== COLLECTED MATERIAL ==

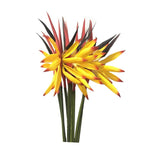 Medium Bird Of Paradise 23 Inch,Artificial Flowers Outdoor Uv Resistant No Fade Fake Plastic Plants, Artificial Flower Plants Small Flower Arrangement For Home Office 8 Pcs (Yellow)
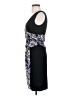 Lily Print Purple Cocktail Dress Size S - photo 5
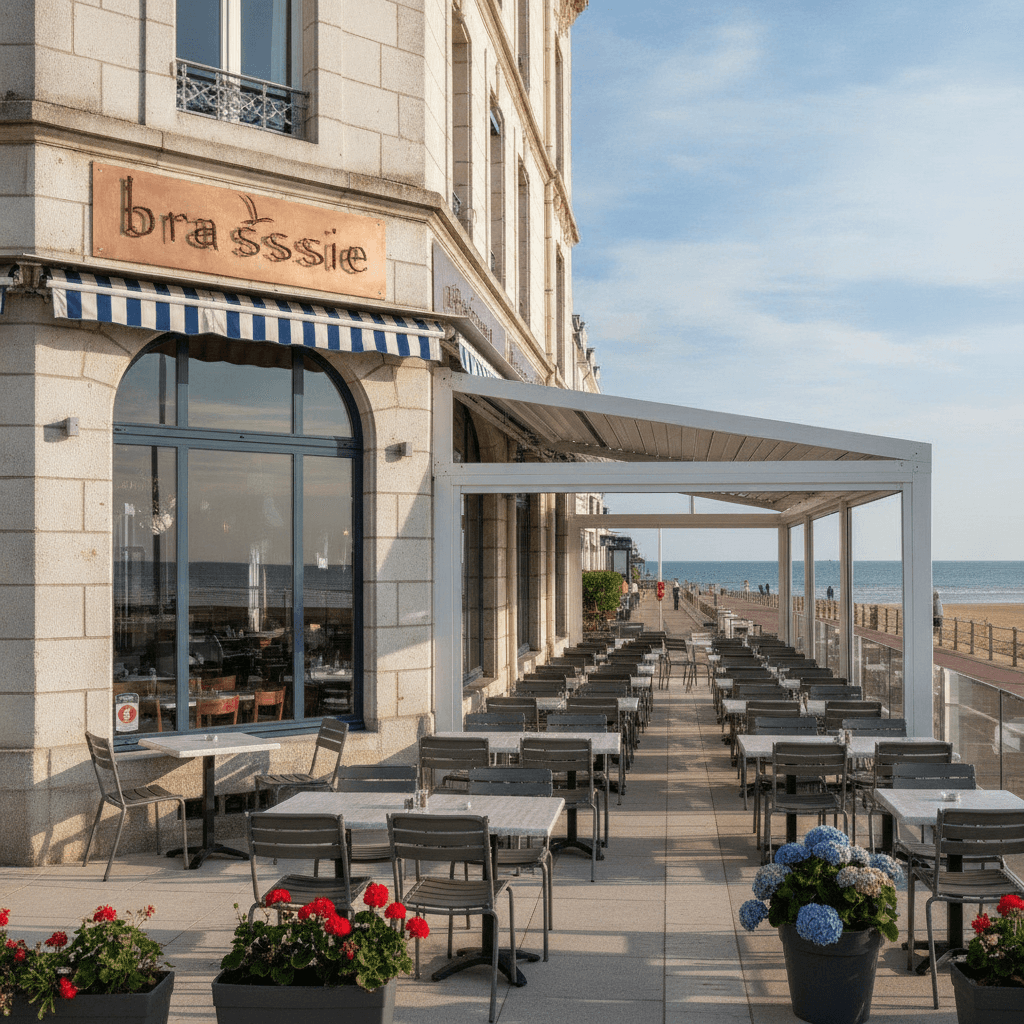 Bar-brasserie à La Rochelle : terrasse - extraction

===

* _EXERCISE DESCRIPTION_
Reproduce the whole listing above word for word, but not its pictures.

* _OUTPUT OF THE EXERCISE_
 Medium Bird Of Paradise 23 Inch,Artificial Flowers Outdoor Uv Resistant No Fade Fake Plastic Plants, Artificial Flower Plants Small Flower Arrangement For Home Office 8 Pcs (Yellow)
 Lily Print Purple Cocktail Dress Size S - photo 5
 Bar-brasserie à La Rochelle : terrasse - extraction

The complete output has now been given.